Here I describe the design of the semi-tagging optimisation. Originally the text comes from http://hackage.haskell.org/trac/summer-of-code/ticket/48

This page reflects my current understanding on the compiler and the RTS, so if there is something wrong, just yell!

The starting point

Currently when evaluating an expression that is the scrutinee of a case:

case x of { ... }

GHC jumps to the code for (i.e. "enters") the x closure, which returns when x is evaluated. Commonly, x is already evaluated, and the code for an evaluated constructor just (vector) returns immediately.

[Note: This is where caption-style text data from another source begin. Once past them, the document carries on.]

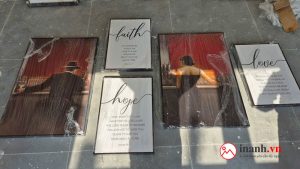 In Tranh Theo Yêu Cầu Hòa Bình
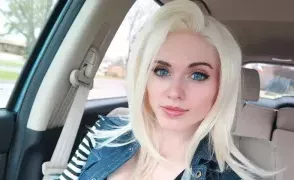 Amouranth подарила ассистентке новую машину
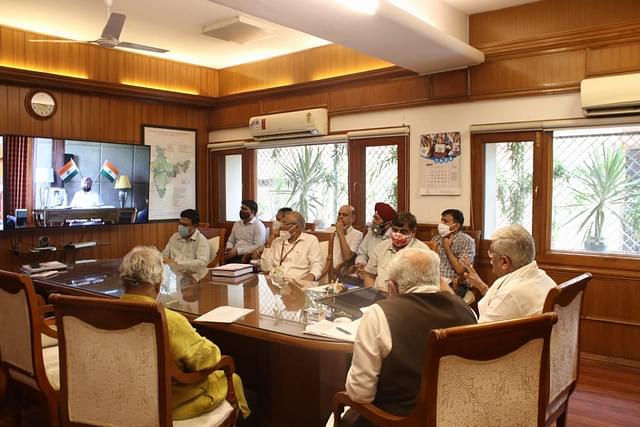 Union Minister Gajendra Shekhawat, Haryana CM Manohar Lal Khattar and Punjab CM Amarinder Singh at SYL canal meeting. (Picture: Twitter/@gssjodhpur)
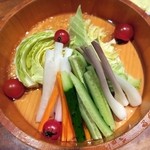 串天ぷら　段々屋 - 新鮮野菜の桶盛り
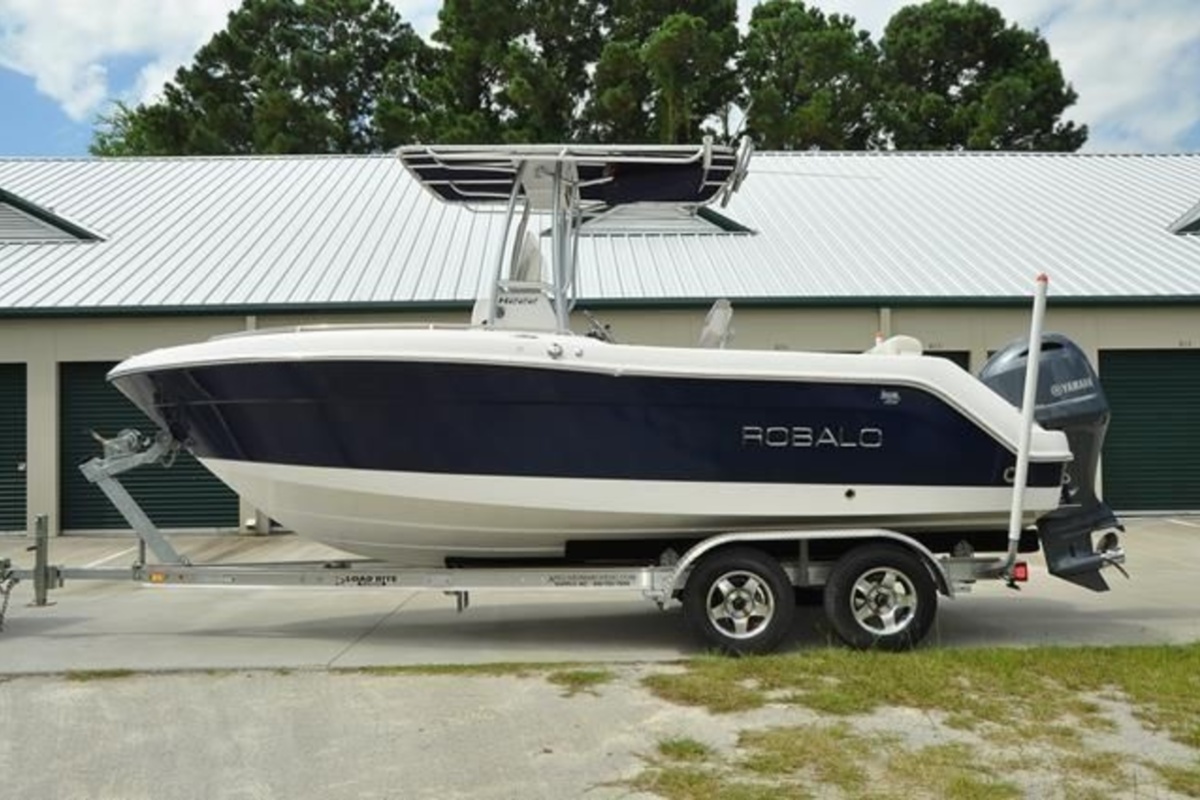 2017 Robalo R222 Center Console, 3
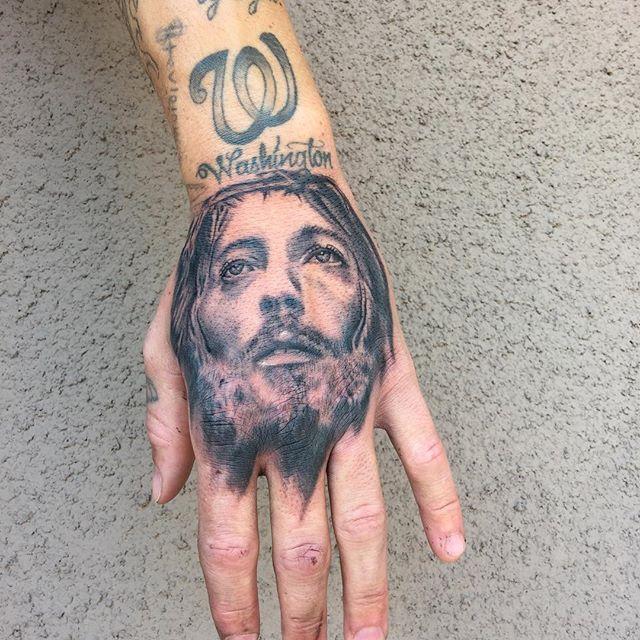 tatouage motif religieux 19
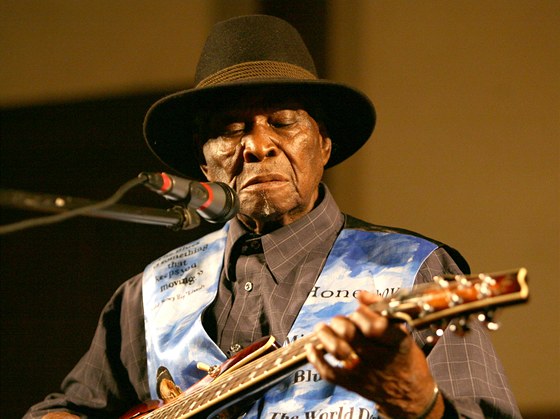 David Honeyboy Edwards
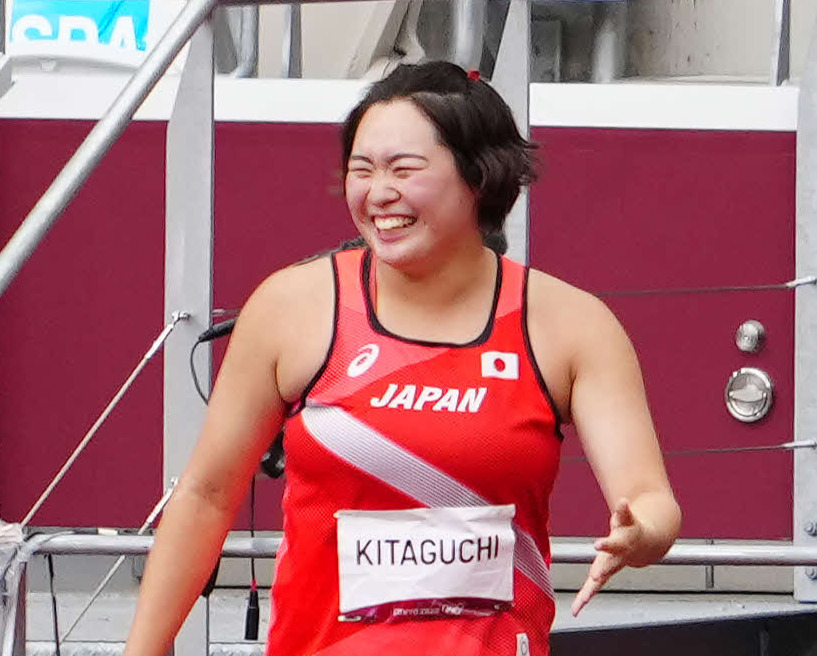 女子やり投げ予選、1投目を終え笑顔を見せる北口（左）（撮影・江口和貴）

The code for the not function:

not x = case x of
        False -> True
        True  -> False

jumps to the boolean argument, passed in R2, after pushing a case frame (the continuation of the function):

        <stack check omitted>
        R1 = R2;
        I64[Sp + (-8)] = sej_info;
        Sp = Sp + (-8);
        jump I64[R1];

Before looking at the rest of the not function, let's look at the code for the True and False closures

True_info:
        jump <address to True alternative>;

False_info:
        jump <address to False alternative>;

they just jump to the appropriate case alternative that is evaluating the closure. These addresses are calculated from the case frame that is on the top of the stack. In this case they select the alternatives from the jump table that is referred to by the not case frame. Below you see the True alternative

sej_0_alt() {
        R1 = False_closure;
        Sp = Sp + 8;
        jump <address to False alternative>;
}

and the False alternative of the not function.

sej_1_alt() {
        R1 = True_closure;
        Sp = Sp + 8;
        jump <address to True alternative>;
}

Just like the constructor closures, they jump to the appropriate branch of the case expression that is evaluating the not function.

Testing before jumping

The simplest optimisation is this. Instead of entering the closure, grab its info pointer, and follow the info pointer to get the tag. Now test the tag; if it's evaluated, don't enter the closure.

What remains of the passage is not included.